■ Exercise prompt
Could you quote, exactly as they stand, the lines running from the one with "2C1MR2462N6710210 1992 Geo Metro Base" to the final line of the material?

■ Dataset records
►

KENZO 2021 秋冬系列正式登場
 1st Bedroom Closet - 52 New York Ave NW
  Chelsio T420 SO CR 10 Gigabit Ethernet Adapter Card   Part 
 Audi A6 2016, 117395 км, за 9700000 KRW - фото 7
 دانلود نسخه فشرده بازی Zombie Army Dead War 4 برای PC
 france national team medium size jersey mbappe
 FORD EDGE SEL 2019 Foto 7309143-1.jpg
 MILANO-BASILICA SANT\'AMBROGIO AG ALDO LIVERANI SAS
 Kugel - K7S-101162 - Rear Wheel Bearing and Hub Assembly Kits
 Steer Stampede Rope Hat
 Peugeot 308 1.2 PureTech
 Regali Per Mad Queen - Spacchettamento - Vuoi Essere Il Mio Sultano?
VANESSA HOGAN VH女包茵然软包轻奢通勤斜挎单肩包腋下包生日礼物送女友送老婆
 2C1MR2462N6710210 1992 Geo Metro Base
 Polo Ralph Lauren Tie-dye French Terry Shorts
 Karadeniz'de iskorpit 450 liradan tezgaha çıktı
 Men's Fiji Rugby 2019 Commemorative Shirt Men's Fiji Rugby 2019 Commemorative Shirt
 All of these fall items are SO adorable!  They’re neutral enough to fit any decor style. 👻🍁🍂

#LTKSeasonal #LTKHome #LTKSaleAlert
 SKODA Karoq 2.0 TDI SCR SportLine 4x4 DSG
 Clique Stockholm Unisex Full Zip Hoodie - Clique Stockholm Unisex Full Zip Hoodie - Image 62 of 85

◄

■ Written response
 2C1MR2462N6710210 1992 Geo Metro Base
 Polo Ralph Lauren Tie-dye French Terry Shorts
 Karadeniz'de iskorpit 450 liradan tezgaha çıktı
 Men's Fiji Rugby 2019 Commemorative Shirt Men's Fiji Rugby 2019 Commemorative Shirt
 All of these fall items are SO adorable!  They’re neutral enough to fit any decor style. 👻🍁🍂

#LTKSeasonal #LTKHome #LTKSaleAlert
 SKODA Karoq 2.0 TDI SCR SportLine 4x4 DSG
 Clique Stockholm Unisex Full Zip Hoodie - Clique Stockholm Unisex Full Zip Hoodie - Image 62 of 85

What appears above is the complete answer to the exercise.